Top of THE DATA
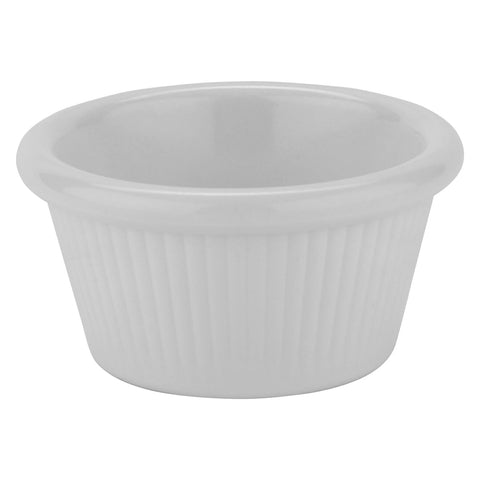 G.E.T. Enterprises RM-387-W 2 oz. White Fluted Melamine Ramekin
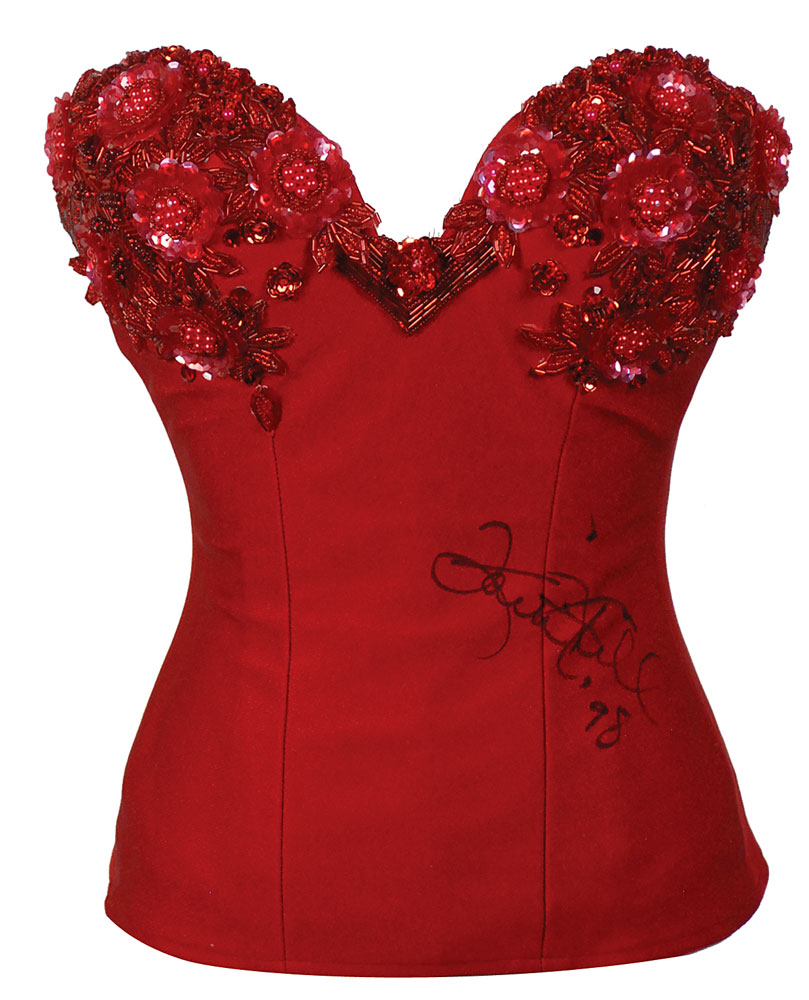 Lot #7169 Faith Hill Stage-worn Bustier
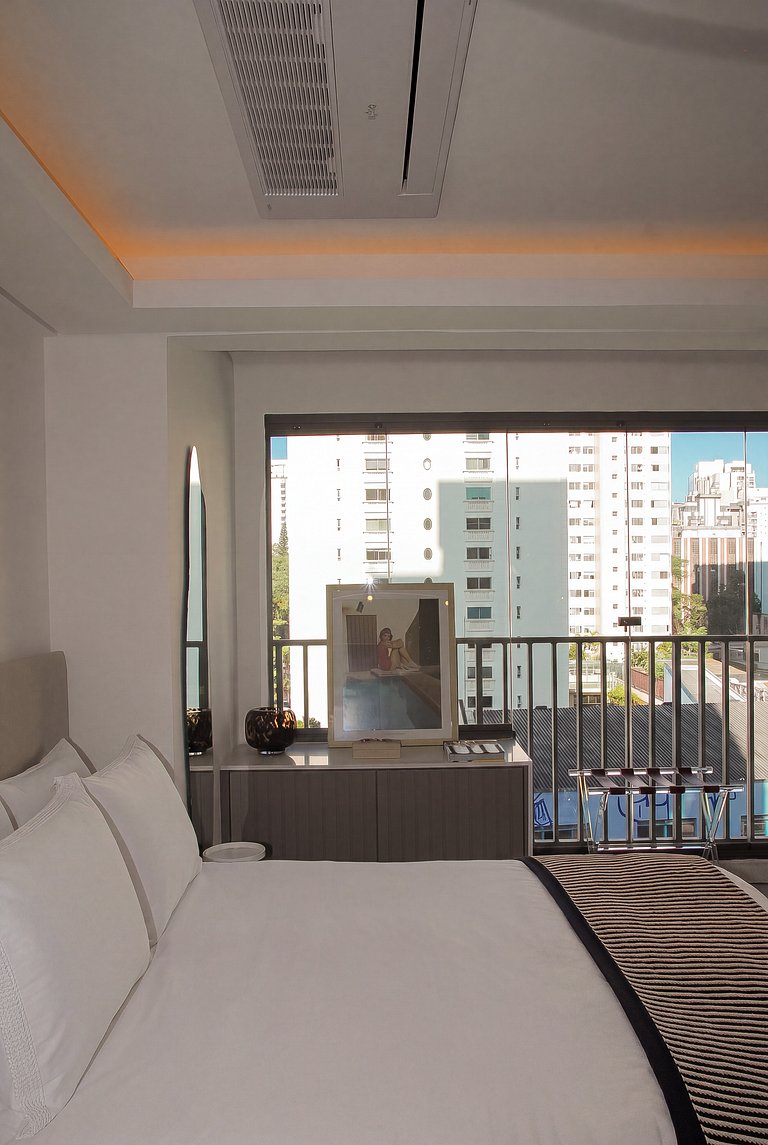 Studio Sofisticado no Brooklin c/ Lazer e Piscina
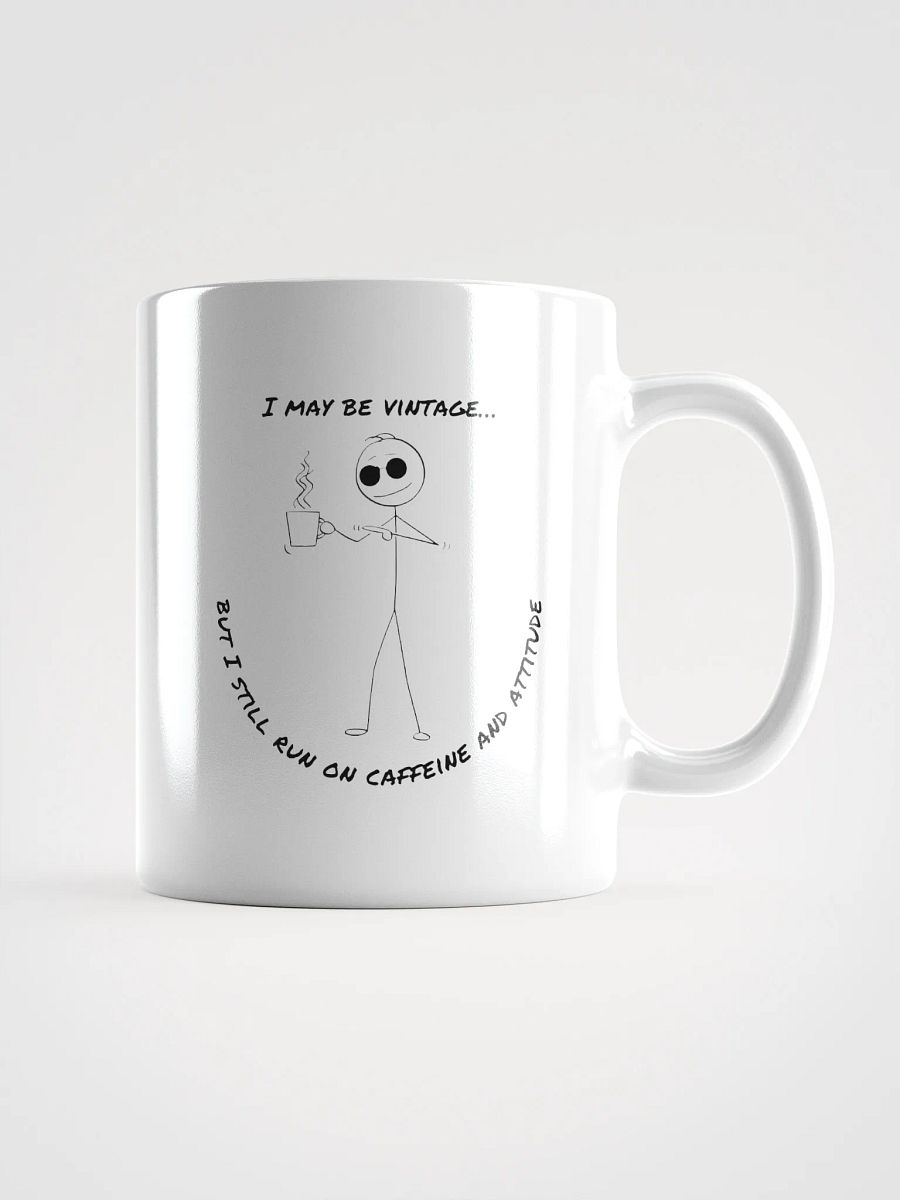 Vintage Fuel: Caffeine & Attitude Mug product image (1)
Bottom of THE DATA
**WORK ITEM:** Only the lines from the one containing "Studio Sofisticado no" through the final line of the material should appear in the answer, copied exactly and without any picture.

**TASK RESULT:**
 Studio Sofisticado no Brooklin c/ Lazer e Piscina
 Vintage Fuel: Caffeine & Attitude Mug product image (1)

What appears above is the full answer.